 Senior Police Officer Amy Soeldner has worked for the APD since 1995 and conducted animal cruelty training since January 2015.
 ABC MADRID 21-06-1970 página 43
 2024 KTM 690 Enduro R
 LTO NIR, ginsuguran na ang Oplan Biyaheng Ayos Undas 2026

+---+

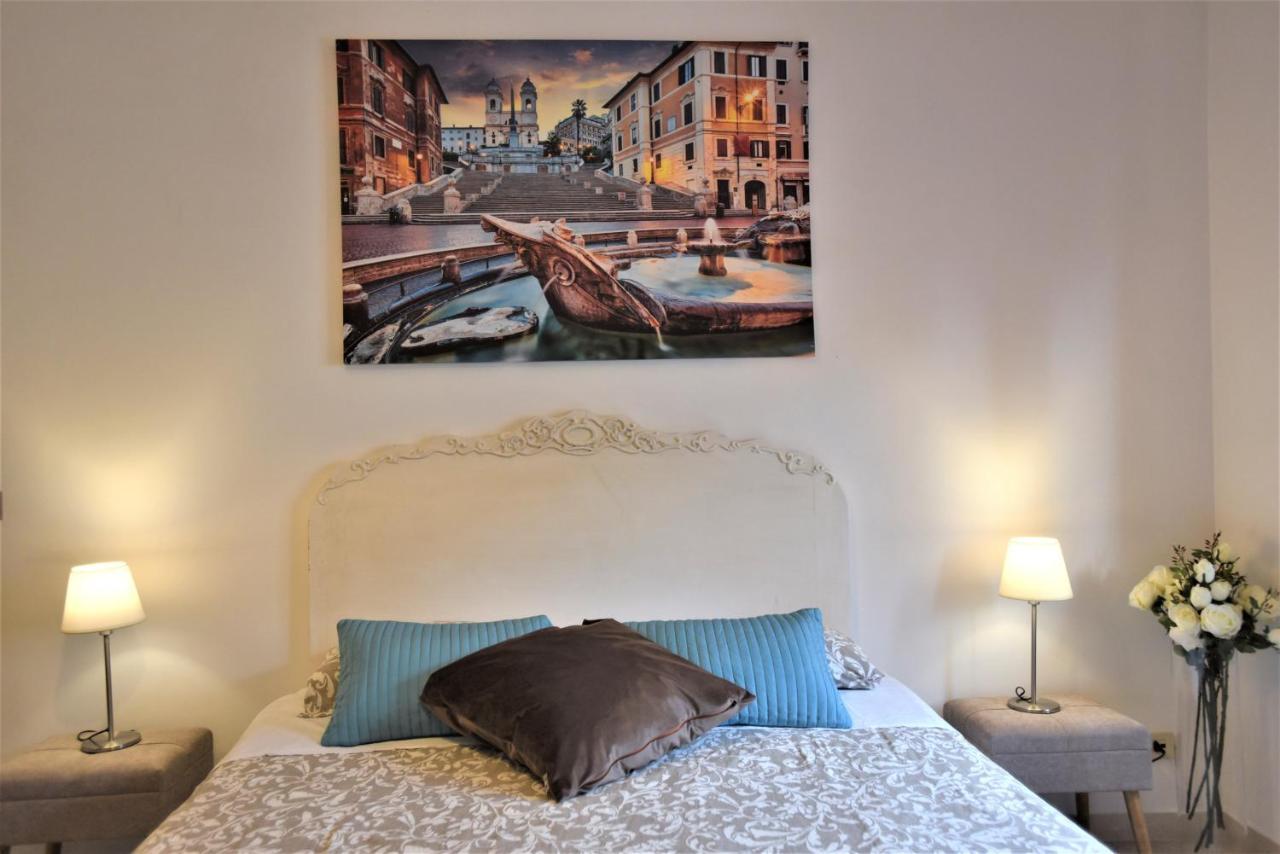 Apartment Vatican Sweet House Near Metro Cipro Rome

+---+

Task statement
Copy out, exactly and alone, the lines of the entries above between the ones holding "Senior Police Officer" and "LTO NIR, ginsuguran", inclusive.

Output
 Senior Police Officer Amy Soeldner has worked for the APD since 1995 and conducted animal cruelty training since January 2015.
 ABC MADRID 21-06-1970 página 43
 2024 KTM 690 Enduro R
 LTO NIR, ginsuguran na ang Oplan Biyaheng Ayos Undas 2026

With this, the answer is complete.